I have to thank my little nine month old nugget for packing our house full of bananas (which were the inspiration for this recipe). She eats them daily and loves them plain, but if you know baby food then you know every combination under the sun is mixed with banana. Banana kale, banana mango peach, banana strawberry raspberry, banana pumpkin pear…and on and on. We all love bananas for their versatility and they come through again in this recipe. They add moisture and creaminess to these oat bars eliminating the need for oil. This is a great use for those super brown bananas that you’re seconds from throwing into your compost. The browner the sweeter and the sweeter the better!

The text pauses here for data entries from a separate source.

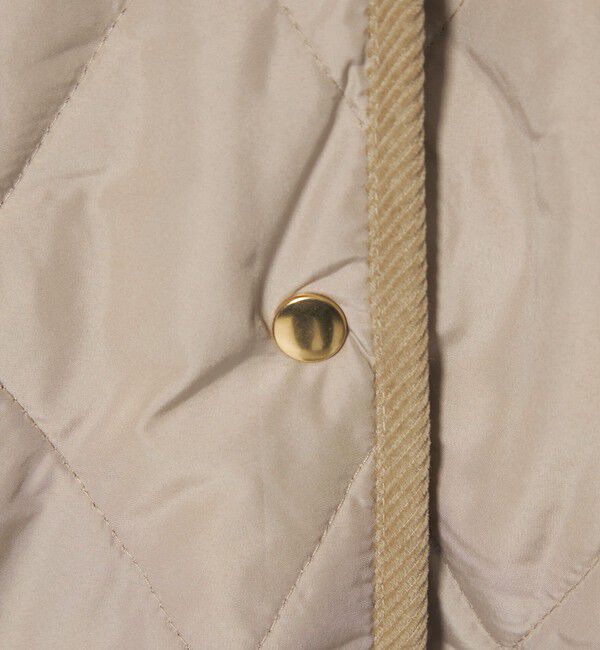 BEAUTY&YOUTH UNITED ARROWS「【WEB限定】キルティング&times;フェイクファー リバーシブルブルゾン」|その他|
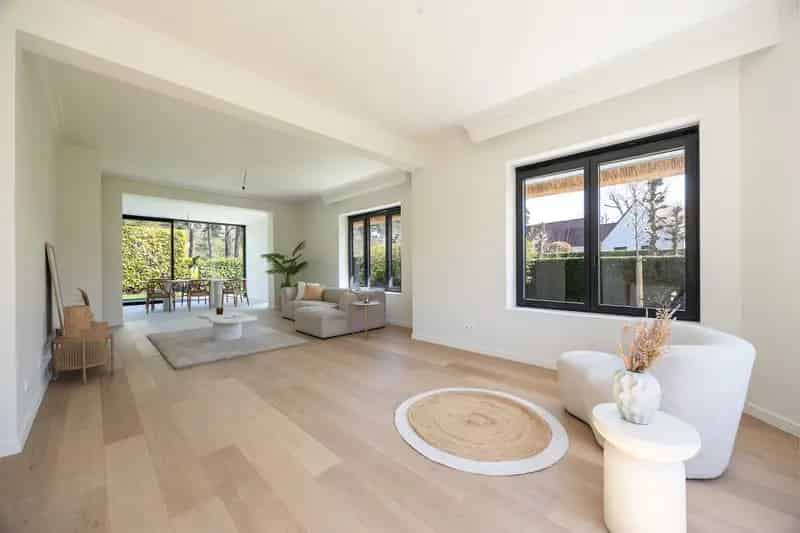 Gerenoveerde Villa te Koningshof 4 slaapkamers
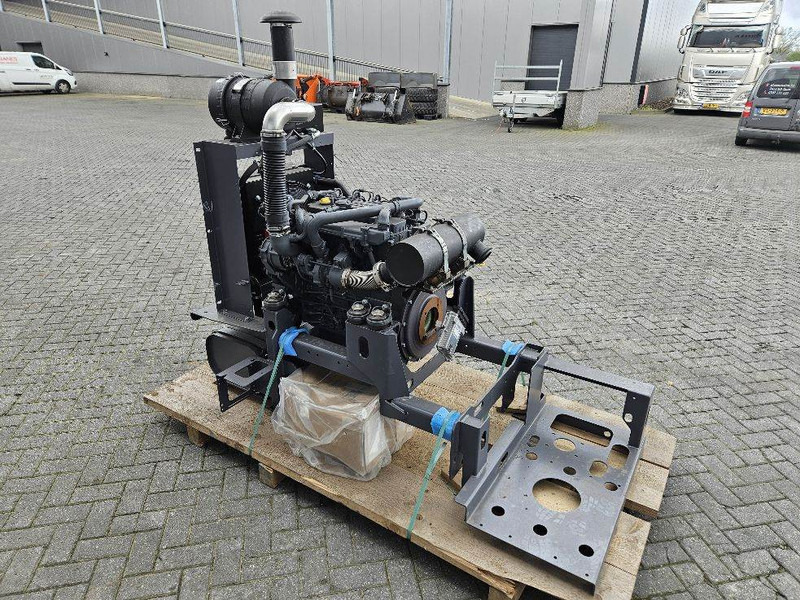 Deutz TD3.6L4 - Engine/Motor - Motor pro Stavební technika: obrázek 4 Deutz TD3.6L4 - Engine/Motor - Motor pro Stavební technika: obrázek 4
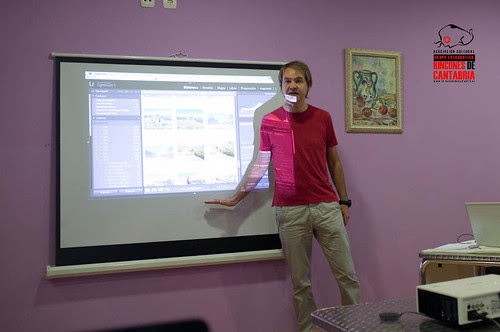 Taller de Flujo de Trabajo y Revelado con Lightroom 5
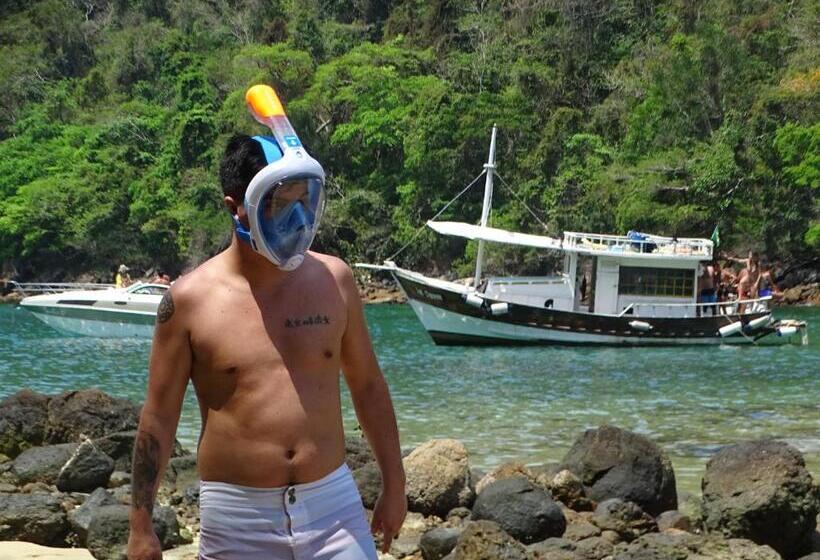 Отель Pousada Cibeles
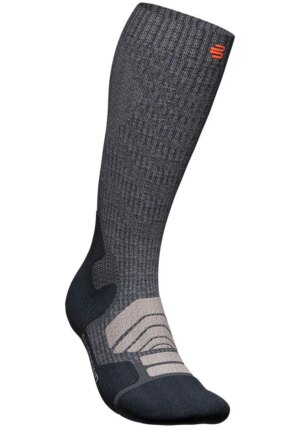 Bauerfeind Sportsocken "Outdoor Merino Compression Socks"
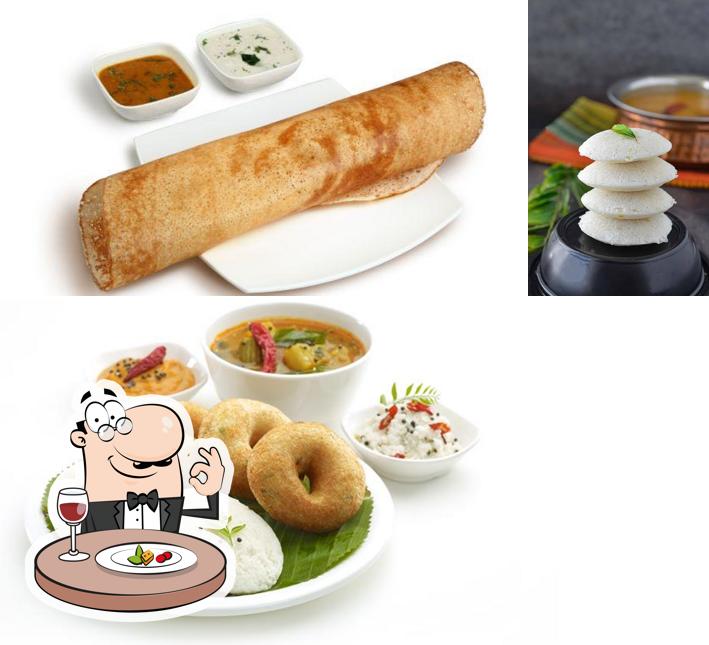 Anna South Indian Dosa Cafe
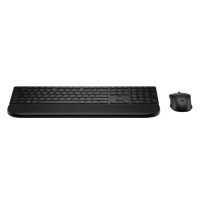 Slika proizvoda HP 580C Dual mode/Palm rest/US/crna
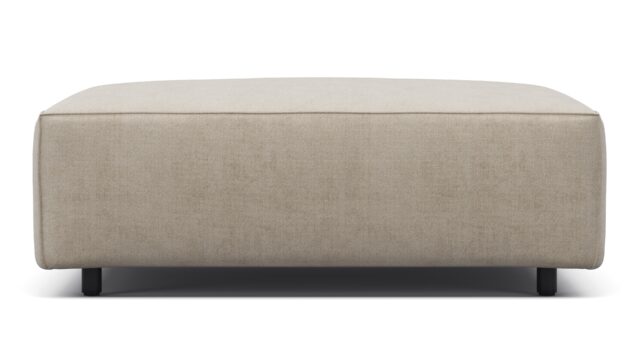 The Extrasoft – Biscotti Brushed Weave, Xs Seat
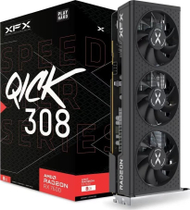 Kartelë grafike XFX Speedster QICK 308 Radeon RX 7600 8GB GDDR6
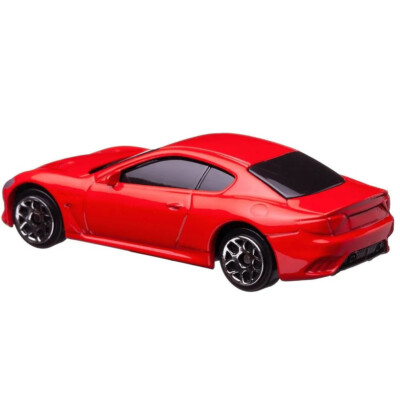 RMZ City Maserati Gran Turismo MC Red 1:64 Scale 3 Inch Diecast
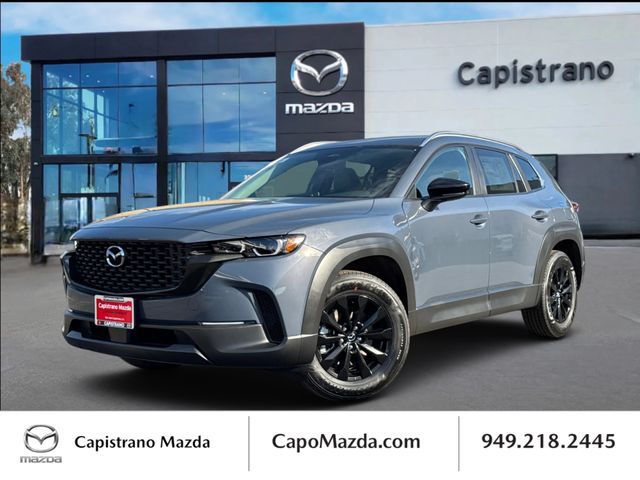 2026 MAZDA CX-50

The best part about the first bar always falling apart is that it goes to the cook. The second and third one that follow are on you though…
Let’s talk about waste. When it comes to baked goods they all use a lot of similar ingredients so for the most part you probably already have a lot of these ingredients on hand. For the items you don’t, remember to take your reusable produce/bulk bags with you to the store and shop the bulk aisle first to see what you can find. At our store I was able to find oats, chocolate chips, brown sugar and carob (or cocoa) powder. By shopping the bulk aisle you reduce unnecessary packaging waste from going into your trash and you can take only as much as you need so nothing goes to waste. Bananas come in their own compostable packaging (the peel) so don’t you dare bag them in a plastic produce bag! Overall you shouldn’t be left with much (if any) waste and we can all smile about that.
Happy snacking my friends!
- 2 1/2 cups rolled oats
- 1/4 cup cocoa powder or carob powder
- 1/4 cup brown sugar (lightly packed)
- 1 tsp cinnamon
- 1 tsp baking powder
- 1/2 tsp salt
- 1 egg
- 1/2 cup milk (I used almond)
- 1 tsp vanilla extract
- 2 ripe bananas, mashed
- 1/4 cup dark chocolate chips
- Preheat the oven to 350 degrees. Grease a 9X9 square baking dish with cooking spray or butter.
- In a large bowl stir to combine the oats, cocoa powder, brown sugar, cinnamon, baking powder and salt.
- Once combined add the egg, milk and vanilla extract and stir again.
- Lastly, mix in the mashed banana and dark chocolate chips. Stir to combine.
- Pour the mixture into the baking dish and bake for 20 minutes. Allow to cool for at least 10 minutes before cutting into 12 squares.